3.4 Pneumatische installatie (alleen aanwezig in geval van
optionele systemen)
De lijst PNEUMATISCHE onderdelen van de machine en het pneumatische schema zijn
bij deze handleiding gevoegd (Deel SPARE PART LIST).
Het is belangrijk dat de perslucht die nodig is voor de werking van de pneumatische
onderdelen gezuiverd is. De aanwezigheid van onzuiverheden in de lucht, afkomstig van de
compressor, en condensvocht, bevorderen namelijk de slijtage van de pakkingen en de
verplaatsingsoppervlakken en compromitteren de werking en de levensduur van de
pneumatische onderdelen.
Voor de afstelling van de luchtdruk in de pneumatische installatie, is de machine uitgerust met
een speciale module voorzien van een vergrendelbare afsluiter, van een drukregelaar, van een
filter en een manometer.
1
Vergrendelbare afsluiter
2
Drukregelaar
3
Voeding Ø10
4
Manometer
5
Filter
Hieronder worden de gegevens voor de pneumatische installatie vermeld:
- Werkdruk : 6 bar
- Max. graad van onzuiverheid : 40 µm (vaste deeltjes) , 0,5 PPM (vloeibare deeltjes)

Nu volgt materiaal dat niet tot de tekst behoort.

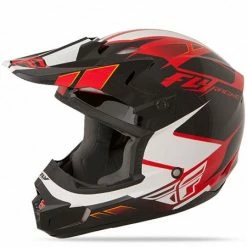 PROTECTIVE GEAR Fly Racing Kinetic Impulse Helmet-Red/Black/White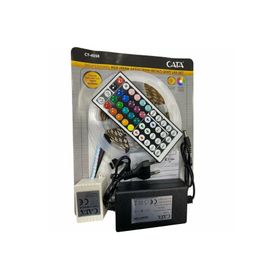 Cata 5 m RGB Şerit Trafo Kumanda 15 Renk Şerit Led Seti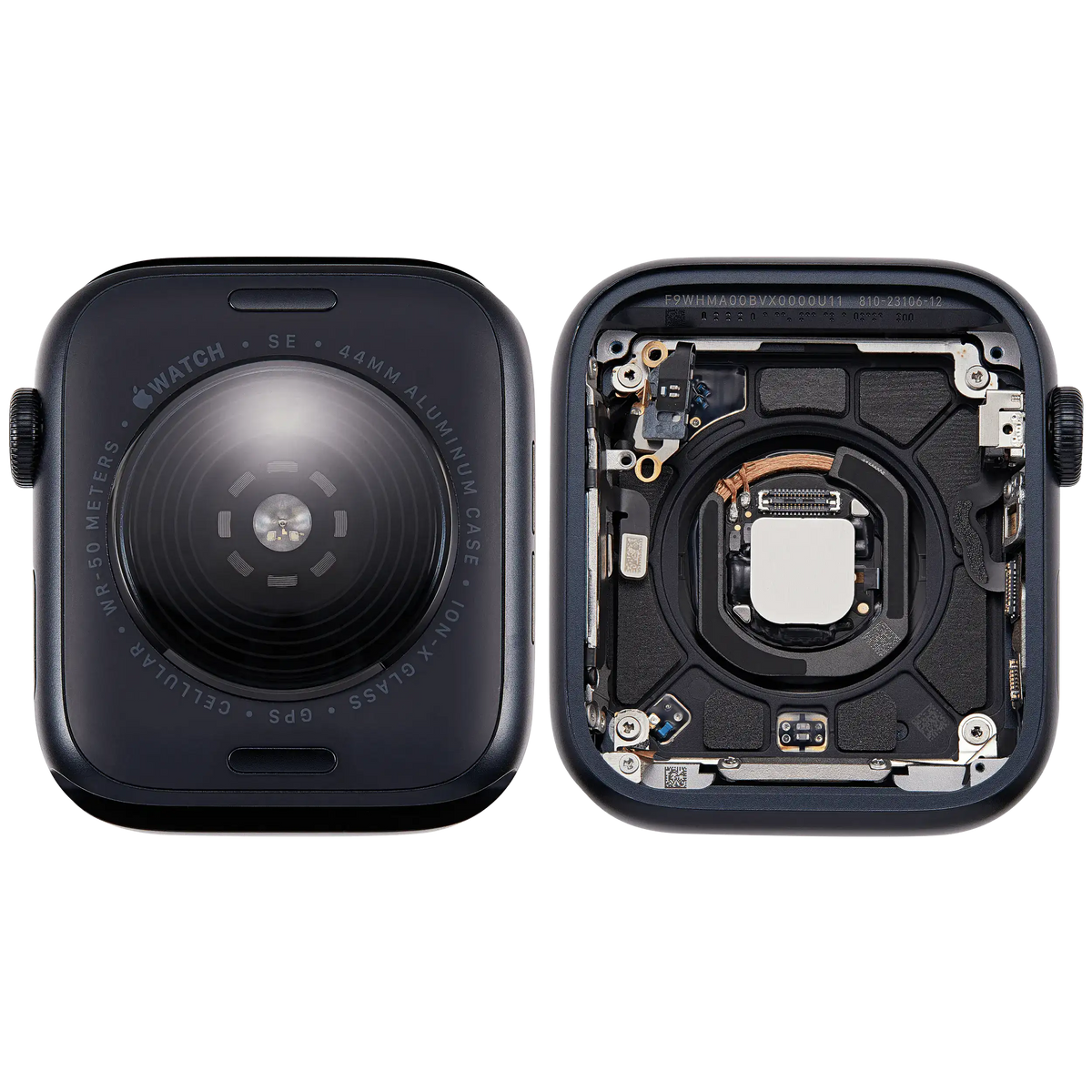 Housing Assembly For Watch Series SE 3rd (44MM) (Used OEM Pull: Grade A) (Cellular Version) (Aluminum / Midnight)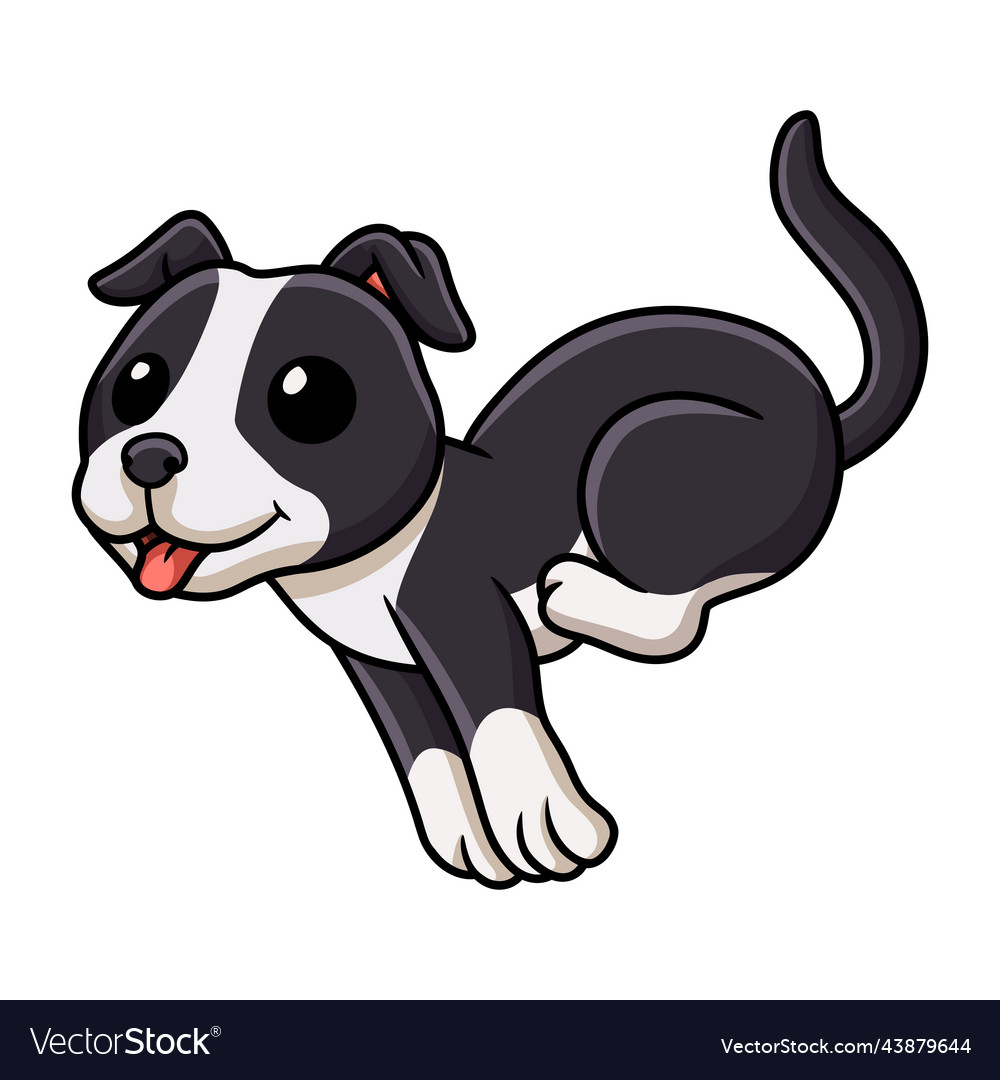 Süßes amerikanisches Personalordshire Terrier Hund Cartoon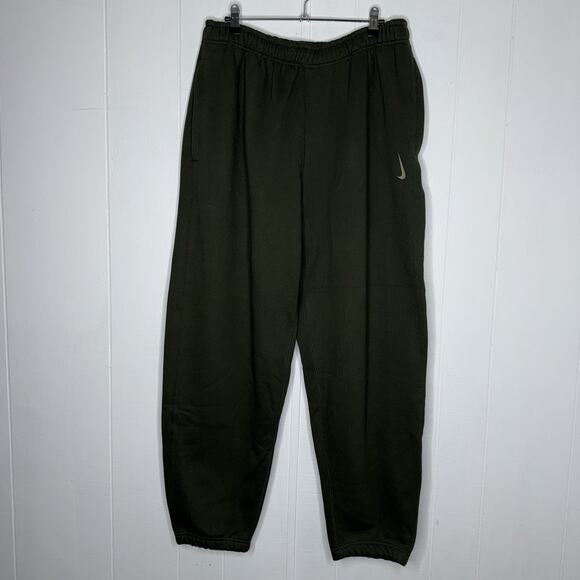 Nike X Billie Eilish Fleece Joggers Sweatpants Oversized Sequoia Green Size L - Picture 1 of 6
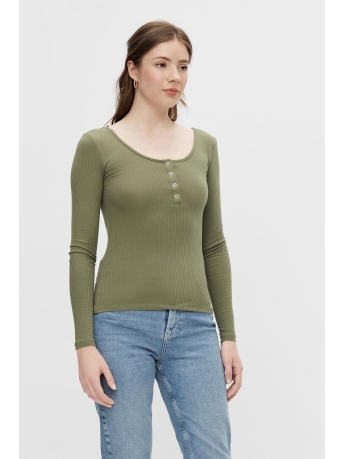 Pieces T-shirt PCKITTE LS TOP NOOS BC 17101437 Deep Lichen Green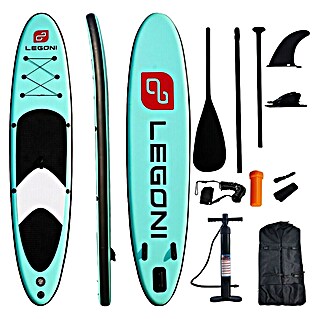 SUP-daska Legoni Wave (D x Š x V: 366 x 81 x 15 cm, Nosivost: 230 kg, Napuhljivo)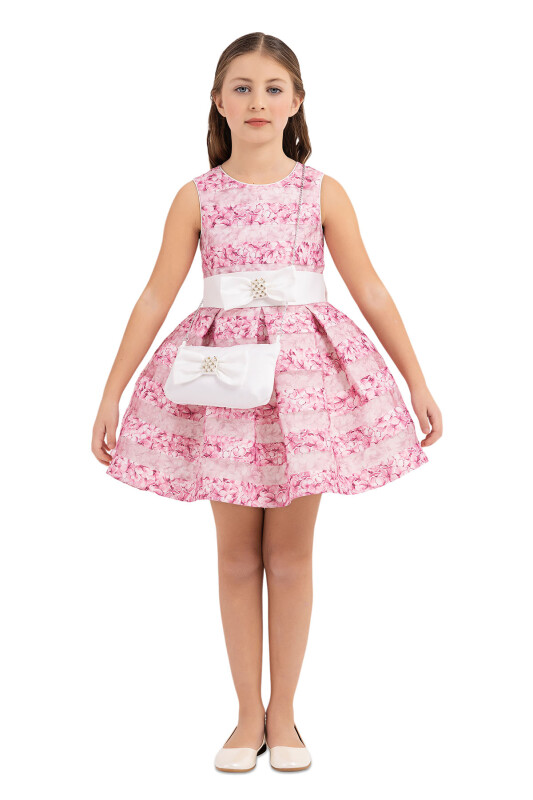 Pink Flowery dress for girls 4-8 AGE 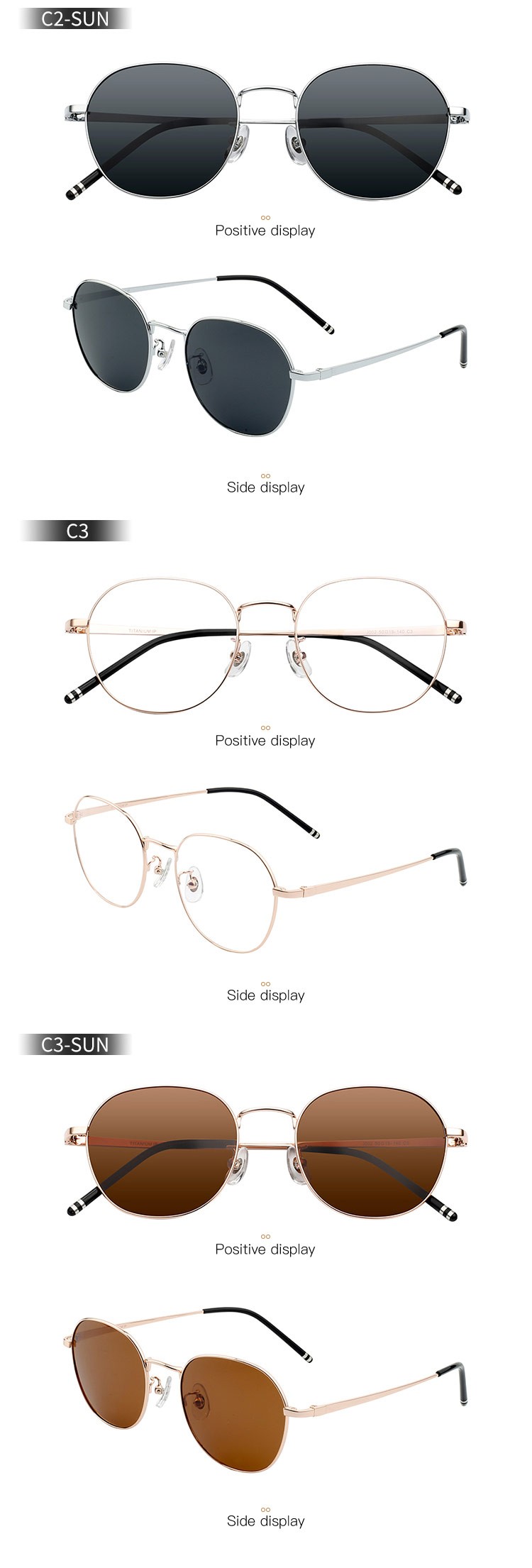 Newest Fashionable Polarized Fashion Metal Sunglasses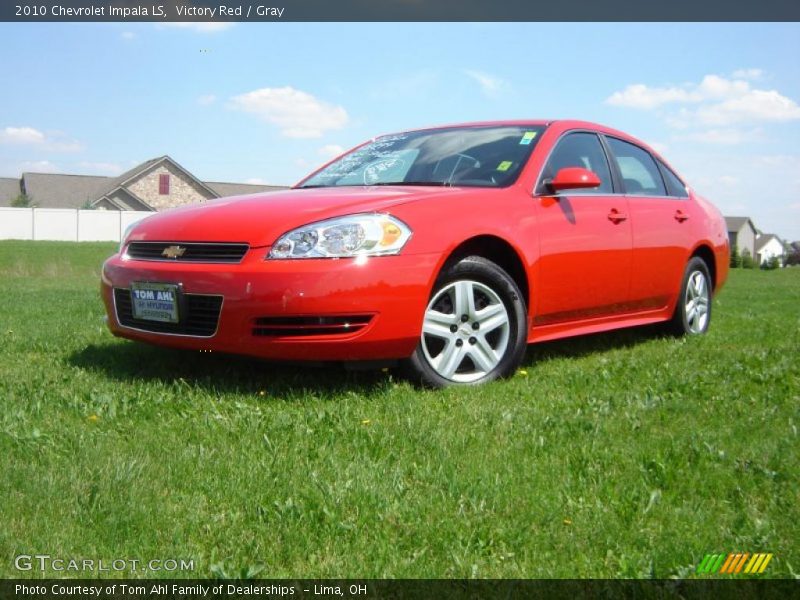 Victory Red / Gray 2010 Chevrolet Impala LS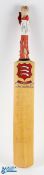 Autograph - 1999 Essex v England at Chelmsford World Cup Warm Up game, multi signed cricket bat -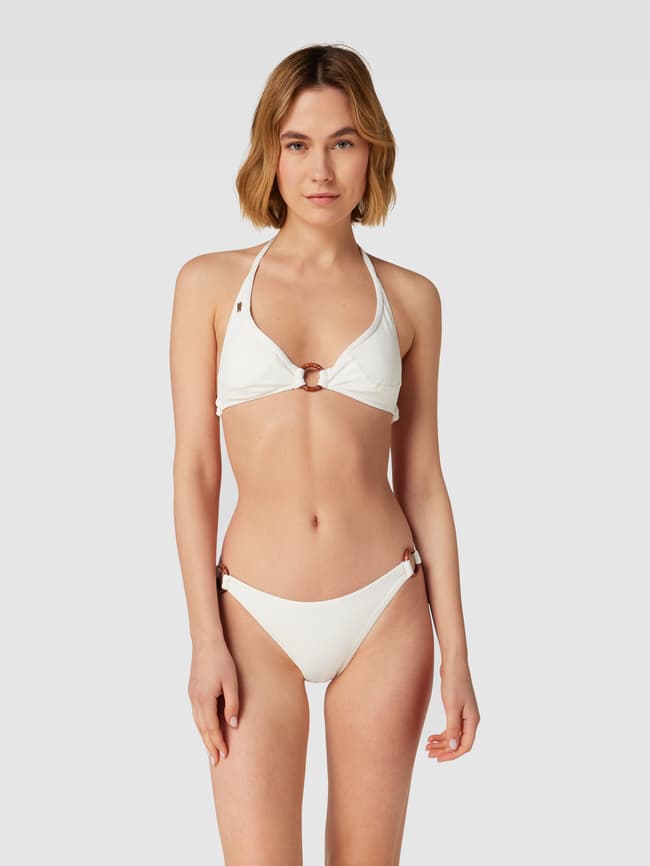 Banana Moon Bikini Oberteil Mit Strukturmuster Modell Minew Offwhite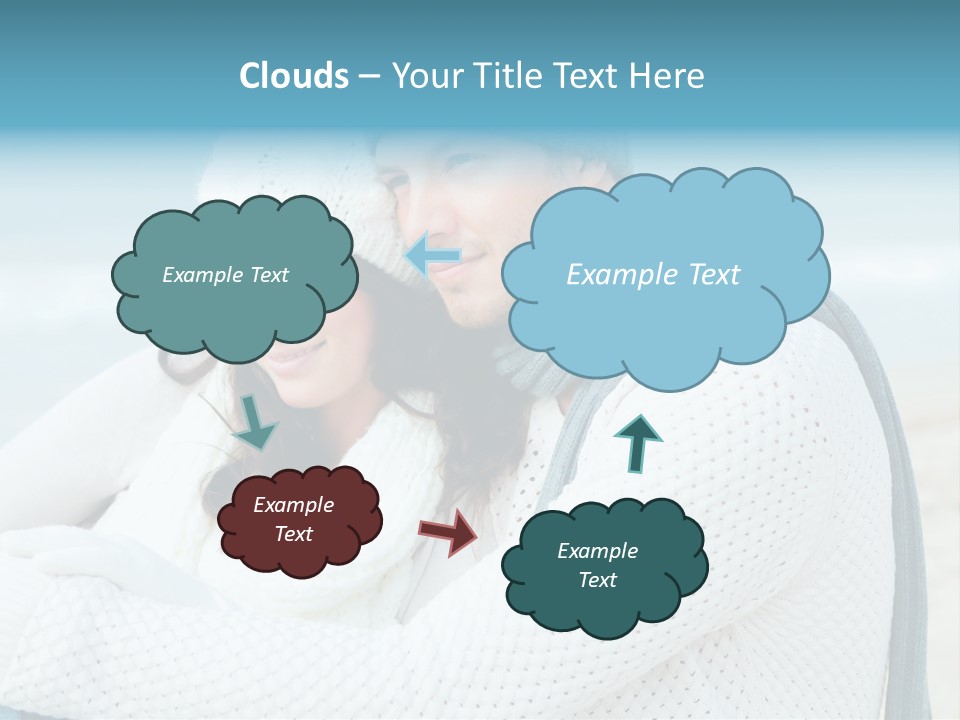 Seaside Happiness Travel PowerPoint Template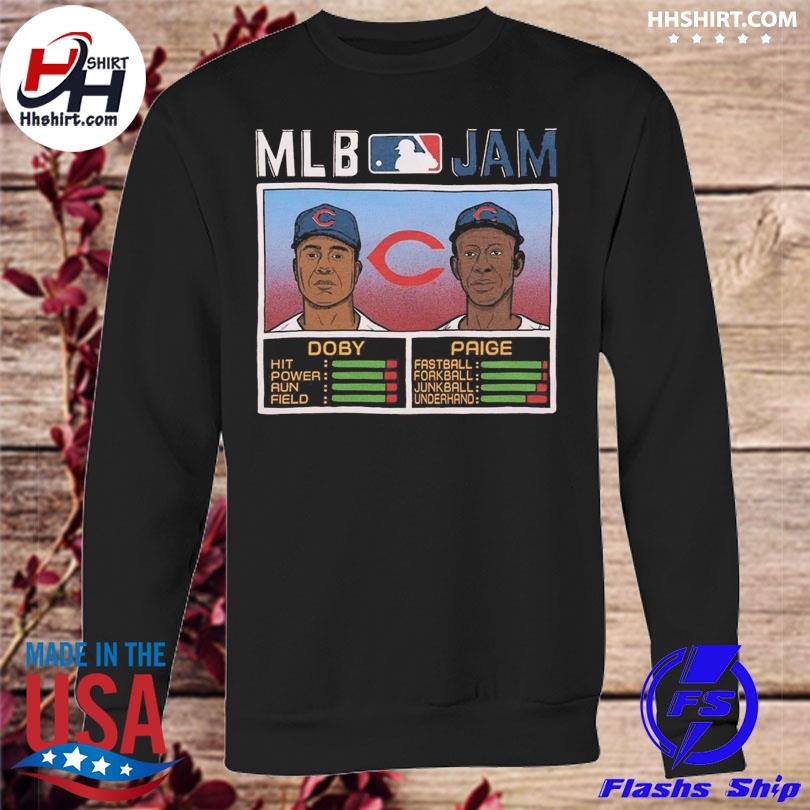 Mlb Jam Cleveland Larry Doby And Satchel Paige Logo Shirt, hoodie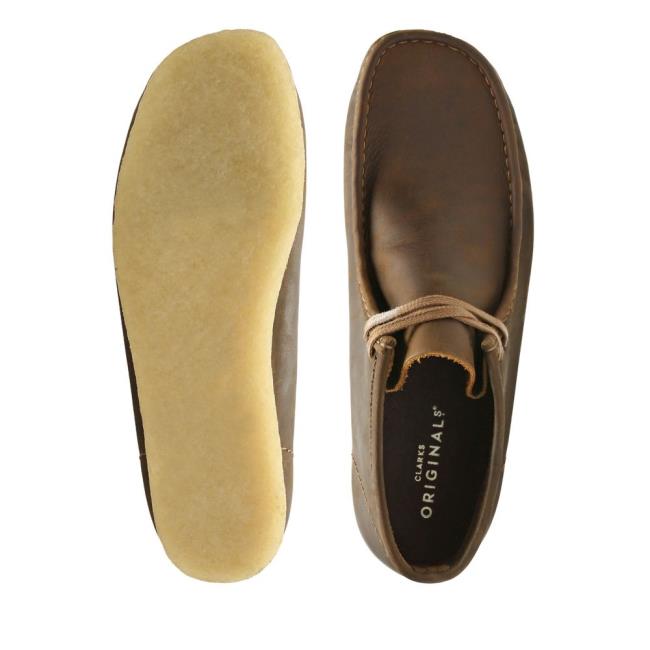 Originals Botki Męskie Clarks Wallabee Boot Brązowe | CLK765AKQ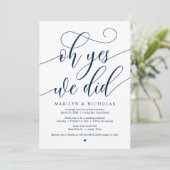 Invitation Mariage en Intime, Oh Oui, Nous L'Avons Fait (Debout devant)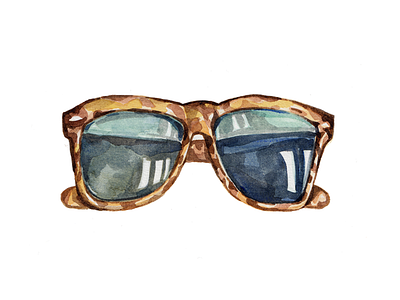 Sunglass - Day #027 glasses illustration sunglass sunglasses watercolor watercolour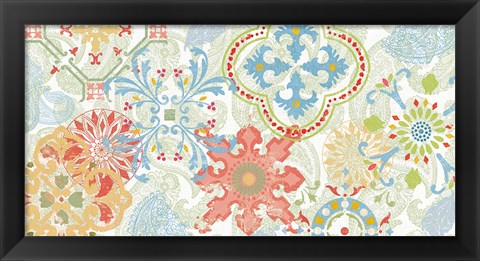 Framed Crimson Stamps I Spring Print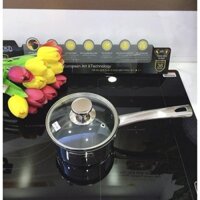 Quánh Elmich Inox 2 lớp chống dính đáy liền Tri-max EL-3783 size 14cm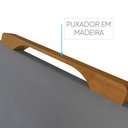 Ver imagem 7 de Conjunto Sala de Jantar 6 Lugares Mesa Barcelona e Cadeiras em Veludo Móveis Mix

Raadpleeg voor het luchtverbruik dat wat is aangegeven voor de aangeschafte optionele kit.
Afstelling van de pneumatische installatie
Om de lucht in de pneumatische installatie af te laten, moet men de afsluiter (1) bedienen en
vervolgens aan de knop van de regelaar (2) draaien, controleer daarbij het bereikte drukniveau
op de manometer (4). Op de machine is ook een drukregelaar geïnstalleerd, die zich in het
elektrische schakelbord van de machine bevindt. Wanneer er geen lucht in de installatie is,
voorziet deze drukregelaar via het bedieningspaneel om het vastgestelde probleem te
signaleren. Bij de levering is de machine afgesteld om op te treden wanneer de druk onder de
drempel van 4 bar daalt (raadpleeg de gebruikshandleiding van de drukregelaar om de
afstelling eventueel te wijzigen). Om aan te sluiten, moet men de luchtbron aanbrengen op de
toevoerkoppeling (3) met een buis van Ø10 mm.